» **ACTIVITY**: Within the listing below, tally the lines where the word "stainless" appears, and answer with nothing but the tally.

+ + +

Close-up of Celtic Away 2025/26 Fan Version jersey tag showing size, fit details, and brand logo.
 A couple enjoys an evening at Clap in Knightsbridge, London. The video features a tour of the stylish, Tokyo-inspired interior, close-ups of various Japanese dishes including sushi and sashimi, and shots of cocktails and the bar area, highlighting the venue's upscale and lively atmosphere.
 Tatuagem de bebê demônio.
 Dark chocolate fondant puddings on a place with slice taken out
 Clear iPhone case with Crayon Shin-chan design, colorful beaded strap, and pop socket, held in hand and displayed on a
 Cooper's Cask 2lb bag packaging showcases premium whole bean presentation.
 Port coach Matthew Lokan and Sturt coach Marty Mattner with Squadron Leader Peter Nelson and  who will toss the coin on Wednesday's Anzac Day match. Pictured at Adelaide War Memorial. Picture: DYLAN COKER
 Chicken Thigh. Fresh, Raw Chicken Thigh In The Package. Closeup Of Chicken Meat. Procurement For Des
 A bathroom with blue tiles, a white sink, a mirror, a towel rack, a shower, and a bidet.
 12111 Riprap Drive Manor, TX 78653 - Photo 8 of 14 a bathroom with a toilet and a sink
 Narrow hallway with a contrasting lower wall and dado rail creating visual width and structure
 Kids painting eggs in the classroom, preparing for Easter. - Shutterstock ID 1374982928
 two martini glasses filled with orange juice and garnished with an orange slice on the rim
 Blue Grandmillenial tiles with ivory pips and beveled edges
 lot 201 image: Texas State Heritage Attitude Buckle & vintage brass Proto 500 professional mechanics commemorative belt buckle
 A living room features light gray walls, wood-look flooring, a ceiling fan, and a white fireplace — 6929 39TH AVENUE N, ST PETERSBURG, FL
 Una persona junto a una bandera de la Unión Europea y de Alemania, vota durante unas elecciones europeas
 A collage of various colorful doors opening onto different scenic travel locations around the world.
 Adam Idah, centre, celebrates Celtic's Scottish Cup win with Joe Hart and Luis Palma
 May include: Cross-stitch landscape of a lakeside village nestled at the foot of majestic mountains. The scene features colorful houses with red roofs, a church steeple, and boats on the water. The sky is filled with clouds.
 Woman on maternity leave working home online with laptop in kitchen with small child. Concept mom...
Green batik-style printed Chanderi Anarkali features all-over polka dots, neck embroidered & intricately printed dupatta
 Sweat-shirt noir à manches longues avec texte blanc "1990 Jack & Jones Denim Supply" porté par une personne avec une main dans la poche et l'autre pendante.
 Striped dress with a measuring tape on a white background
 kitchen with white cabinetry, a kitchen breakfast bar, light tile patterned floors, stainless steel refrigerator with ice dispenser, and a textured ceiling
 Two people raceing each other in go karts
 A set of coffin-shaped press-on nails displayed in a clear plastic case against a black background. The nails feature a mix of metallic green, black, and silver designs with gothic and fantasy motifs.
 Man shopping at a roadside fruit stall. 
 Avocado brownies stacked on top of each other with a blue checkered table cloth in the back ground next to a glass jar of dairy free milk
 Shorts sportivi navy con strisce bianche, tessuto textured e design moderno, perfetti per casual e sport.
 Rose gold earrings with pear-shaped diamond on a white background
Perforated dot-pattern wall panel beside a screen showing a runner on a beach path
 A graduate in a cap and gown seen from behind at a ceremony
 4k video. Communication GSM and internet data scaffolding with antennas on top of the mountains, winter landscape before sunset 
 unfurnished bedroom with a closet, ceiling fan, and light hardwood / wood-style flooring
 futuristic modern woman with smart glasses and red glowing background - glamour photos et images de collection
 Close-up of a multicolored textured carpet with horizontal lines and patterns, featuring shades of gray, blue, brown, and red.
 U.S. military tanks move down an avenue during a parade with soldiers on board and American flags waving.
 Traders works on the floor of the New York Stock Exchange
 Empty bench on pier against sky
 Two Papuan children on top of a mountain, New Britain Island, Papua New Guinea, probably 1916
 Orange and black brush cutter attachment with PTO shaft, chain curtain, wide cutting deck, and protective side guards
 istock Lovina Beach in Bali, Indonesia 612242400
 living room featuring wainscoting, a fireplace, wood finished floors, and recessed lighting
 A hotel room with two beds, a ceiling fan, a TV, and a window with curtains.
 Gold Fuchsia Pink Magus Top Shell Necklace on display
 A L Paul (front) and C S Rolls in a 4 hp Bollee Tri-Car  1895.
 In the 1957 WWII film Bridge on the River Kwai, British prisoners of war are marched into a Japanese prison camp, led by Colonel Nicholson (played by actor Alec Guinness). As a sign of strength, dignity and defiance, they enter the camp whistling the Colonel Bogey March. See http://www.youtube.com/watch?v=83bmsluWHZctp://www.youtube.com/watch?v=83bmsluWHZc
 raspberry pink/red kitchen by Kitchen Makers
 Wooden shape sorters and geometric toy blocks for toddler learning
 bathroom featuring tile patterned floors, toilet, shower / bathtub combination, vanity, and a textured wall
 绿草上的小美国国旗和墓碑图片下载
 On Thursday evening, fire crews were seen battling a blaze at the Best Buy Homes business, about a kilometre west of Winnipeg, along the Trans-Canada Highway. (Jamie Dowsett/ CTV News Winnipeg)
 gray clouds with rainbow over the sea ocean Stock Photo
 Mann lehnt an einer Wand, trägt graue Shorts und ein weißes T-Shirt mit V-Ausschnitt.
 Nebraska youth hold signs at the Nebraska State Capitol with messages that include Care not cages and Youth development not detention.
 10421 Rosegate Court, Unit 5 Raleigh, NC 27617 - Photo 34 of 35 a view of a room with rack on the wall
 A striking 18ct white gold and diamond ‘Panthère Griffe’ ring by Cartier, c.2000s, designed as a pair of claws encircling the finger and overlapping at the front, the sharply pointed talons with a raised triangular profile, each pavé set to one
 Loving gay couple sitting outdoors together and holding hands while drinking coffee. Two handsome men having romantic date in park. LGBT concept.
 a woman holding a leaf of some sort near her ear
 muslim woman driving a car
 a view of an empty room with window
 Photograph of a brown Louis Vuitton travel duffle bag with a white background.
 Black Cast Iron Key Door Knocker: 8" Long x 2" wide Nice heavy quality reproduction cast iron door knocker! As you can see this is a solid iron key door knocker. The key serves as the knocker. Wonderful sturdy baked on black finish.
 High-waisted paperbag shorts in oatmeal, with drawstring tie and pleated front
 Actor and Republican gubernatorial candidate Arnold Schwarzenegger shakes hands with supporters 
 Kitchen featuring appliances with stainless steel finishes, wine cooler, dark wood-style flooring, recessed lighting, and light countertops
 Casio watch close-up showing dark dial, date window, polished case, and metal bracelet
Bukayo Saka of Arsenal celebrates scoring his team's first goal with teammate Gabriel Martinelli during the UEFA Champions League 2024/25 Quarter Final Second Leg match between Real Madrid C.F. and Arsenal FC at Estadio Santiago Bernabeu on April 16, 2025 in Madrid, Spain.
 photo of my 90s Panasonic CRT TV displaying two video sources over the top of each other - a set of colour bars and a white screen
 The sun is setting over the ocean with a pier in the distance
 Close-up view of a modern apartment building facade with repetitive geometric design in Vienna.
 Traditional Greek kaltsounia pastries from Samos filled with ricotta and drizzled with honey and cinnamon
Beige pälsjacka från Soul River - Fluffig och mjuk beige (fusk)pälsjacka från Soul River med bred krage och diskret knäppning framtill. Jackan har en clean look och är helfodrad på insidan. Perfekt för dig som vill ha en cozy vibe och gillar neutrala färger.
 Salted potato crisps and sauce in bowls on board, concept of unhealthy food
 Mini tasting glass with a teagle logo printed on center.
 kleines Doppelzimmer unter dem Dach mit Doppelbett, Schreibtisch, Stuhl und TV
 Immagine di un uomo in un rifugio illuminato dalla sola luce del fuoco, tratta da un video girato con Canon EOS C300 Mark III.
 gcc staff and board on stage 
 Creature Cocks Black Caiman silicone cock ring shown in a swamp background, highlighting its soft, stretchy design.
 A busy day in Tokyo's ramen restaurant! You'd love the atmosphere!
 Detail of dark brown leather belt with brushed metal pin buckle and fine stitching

+ + +

» **REPLY TO THE TASK**: 2